This is the mail archive of the
libc-alpha@sourceware.org
mailing list for the glibc project.
Re: [PATCH] [BZ #18880] Wrong selector in x86_64/multiarch/memcpy.S
- From: OndÅej BÃlka <neleai at seznam dot cz>
- To: "H.J. Lu" <hjl dot tools at gmail dot com>
- Cc: GNU C Library <libc-alpha at sourceware dot org>
- Date: Sat, 29 Aug 2015 09:52:38 +0200
- Subject: Re: [PATCH] [BZ #18880] Wrong selector in x86_64/multiarch/memcpy.S
- Authentication-results: sourceware.org; auth=none
- References: <20150828130553 dot GA14875 at gmail dot com>
On Fri, Aug 28, 2015 at 06:05:53AM -0700, H.J. Lu wrote:
> For x86-64 memcpy/mempcpy, we choose the best implementation by the
> order:
>
> 1. __memcpy_avx_unaligned if AVX_Fast_Unaligned_Load bit is set.

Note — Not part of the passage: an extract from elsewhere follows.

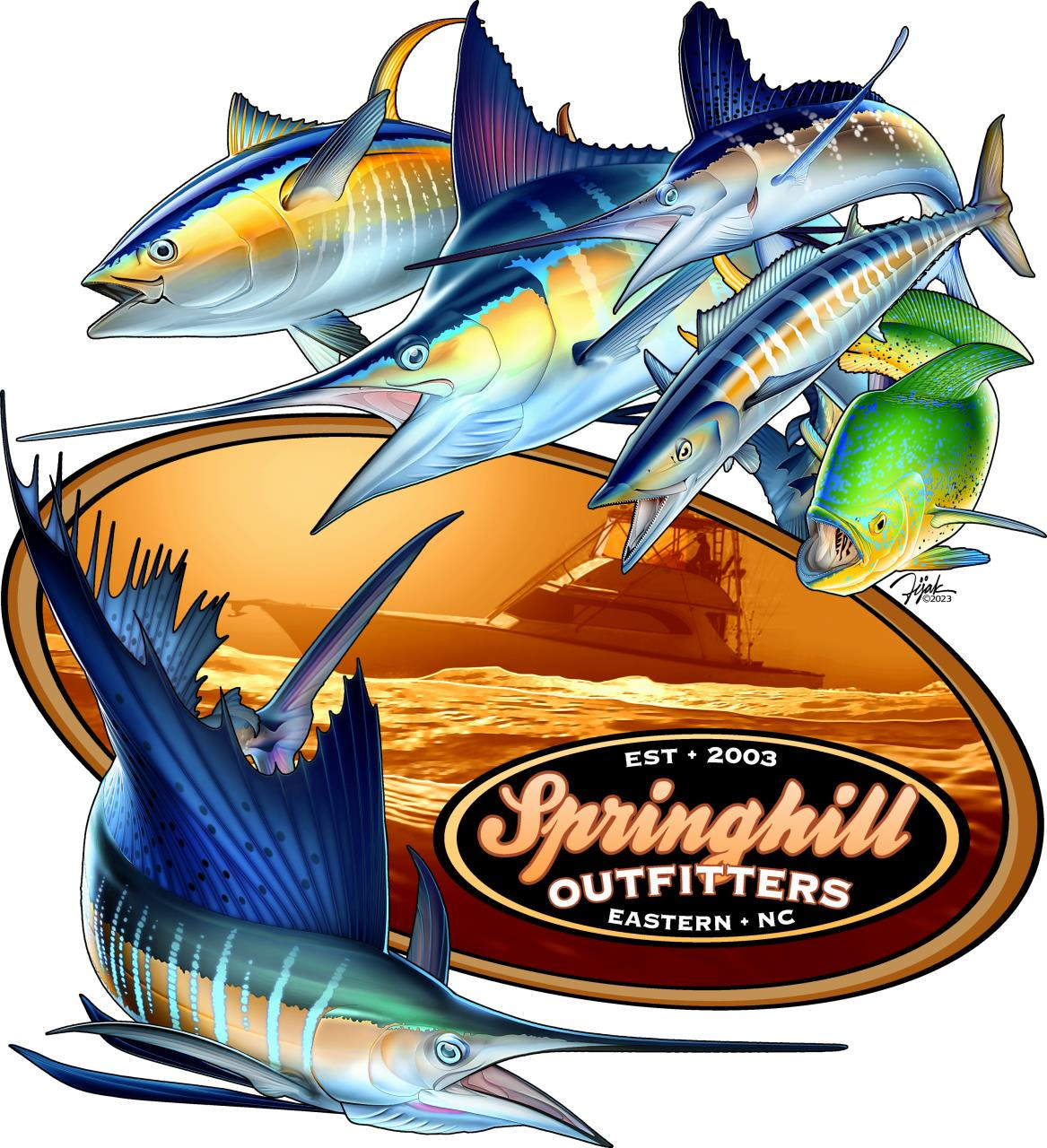 Springhill Outfitters Boat & Fish T-Shirt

> 2. __memcpy_sse2_unaligned if Fast_Unaligned_Load bit is set.
> 3. __memcpy_sse2 if SSSE3 isn't available.
> 4. __memcpy_ssse3_back if Fast_Copy_Backward bit it set.
> 5. __memcpy_ssse3
>
> In libc.a and ld.so, we choose __memcpy_sse2_unaligned which is optimized
> for current Intel and AMD x86-64 processors.
>
> OK for master?
>
This has several unrelated changes. First is moving files to make new
default which looks ok but produces large diff that hides other changes.
Second is mempcpy support. I also had some patches that do it along with with better
memcpy, I could resend these. As this one it looks reasonable but we
could do better. As mempcpy is rarely used a function to jump after we
setup return value should be used.
Third is ifunc selection. Problem is that what you do is wrong. I had in
my todo list comment: Fix ssse3 memcpy and remove ifunc hack.

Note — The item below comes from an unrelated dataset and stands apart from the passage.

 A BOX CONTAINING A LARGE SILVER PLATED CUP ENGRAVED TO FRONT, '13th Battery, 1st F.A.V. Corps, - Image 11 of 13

There were some problems on atom that I don't recall but when I look to
graph of it a sse2 implmentation looks better till around 400 bytes.
http://kam.mff.cuni.cz/~ondra/benchmark_string/atom/memcpy_profile/results_gcc/result.html
http://kam.mff.cuni.cz/~ondra/benchmark_string/atom/memcpy_profile/results_rand/result.html
When I tested it on around half of applications on core2 memcpy_ssse3 was slower
than even memcpy_sse2 so I wrote separate patch to fix that performance regression.
So this is more theoretical as while ssse3 is faster on longer inputs a sse2 and
sse2_unaligned are faster on shorter inputs. So changing it now would
help some which use mainly long ones but harm other applications.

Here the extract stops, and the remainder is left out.